--- The problem ---
Beneath this task is a listing. State how many of its lines include the string "Women", giving nothing but the number.

--- Records shown ---
———
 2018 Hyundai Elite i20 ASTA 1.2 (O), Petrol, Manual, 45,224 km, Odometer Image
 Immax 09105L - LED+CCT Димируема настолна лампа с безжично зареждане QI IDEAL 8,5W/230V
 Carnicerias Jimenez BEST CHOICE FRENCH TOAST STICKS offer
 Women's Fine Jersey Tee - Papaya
———
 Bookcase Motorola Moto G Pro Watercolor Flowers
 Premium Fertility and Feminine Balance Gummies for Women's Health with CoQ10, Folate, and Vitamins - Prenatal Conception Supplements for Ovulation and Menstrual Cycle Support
———
--- Answer to the problem ---
2